HOW TO COMPLETE THIS TASK:
Repeat, line for line, only the span that opens at the "Volkswagen Passat 2015 photo 5" line and closes at the final line below. Skip the pictures.

PROVIDED DATA:

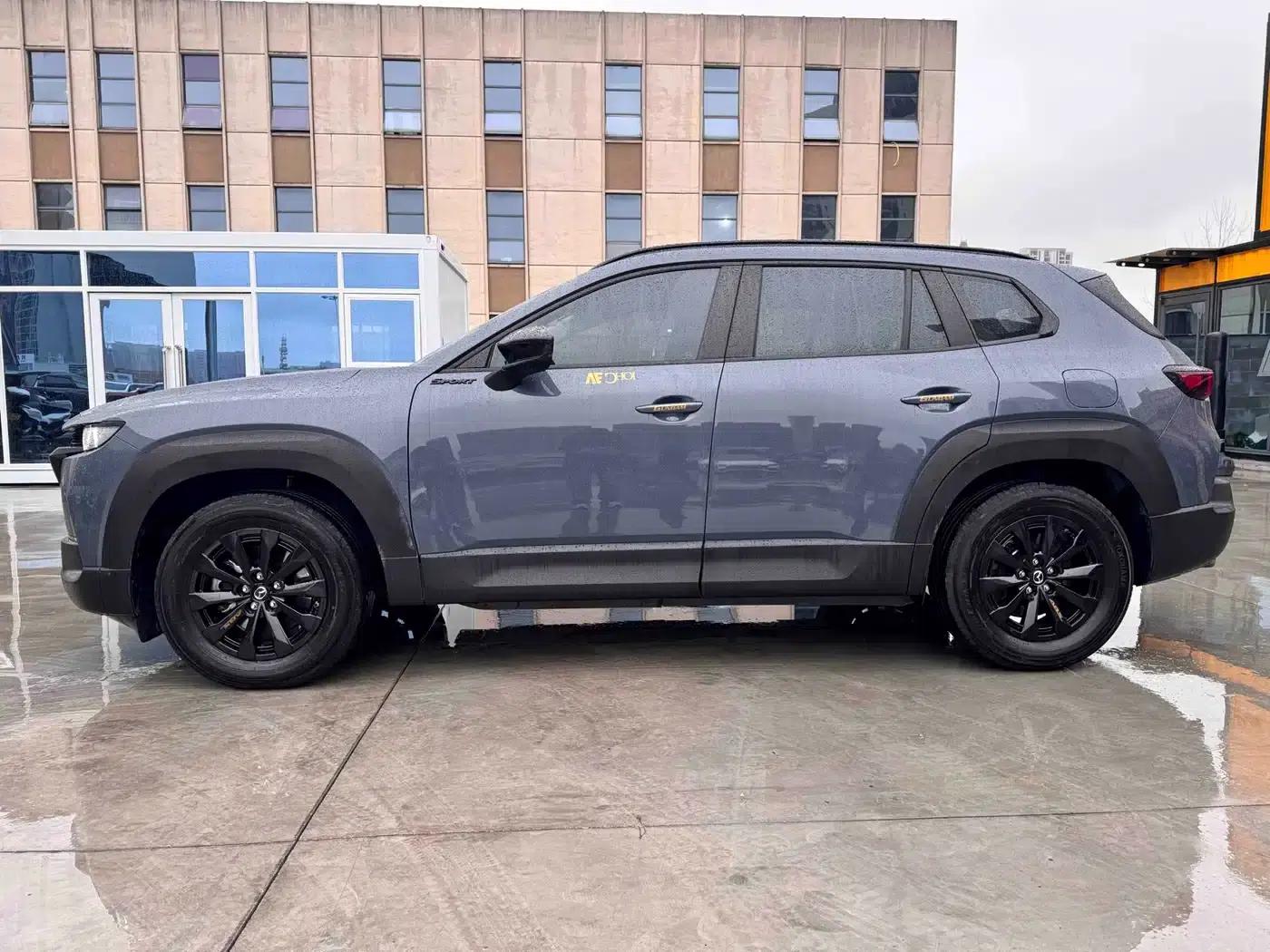 Mazda CX-50 Leading Edition 2023 2.0L — миниатюра 3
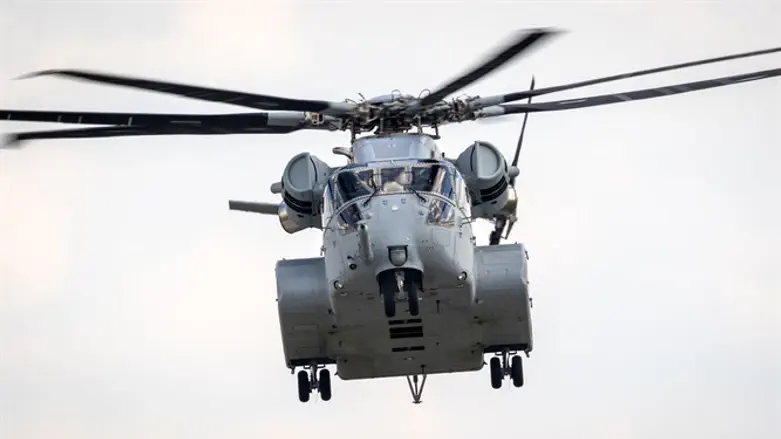 CH-53K helicopter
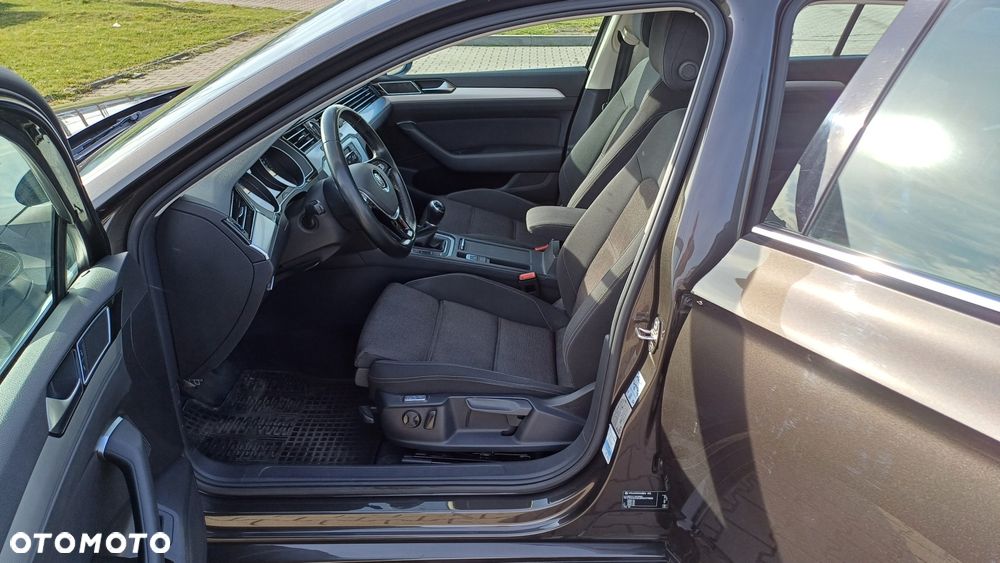 Volkswagen Passat 2015 photo 5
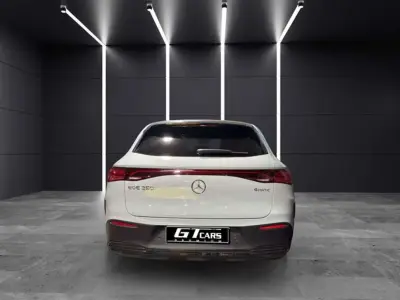 Mercedes-Benz EQE SUV 2023 · foto 4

YOUR SOLUTION:
 Volkswagen Passat 2015 photo 5
 Mercedes-Benz EQE SUV 2023 · foto 4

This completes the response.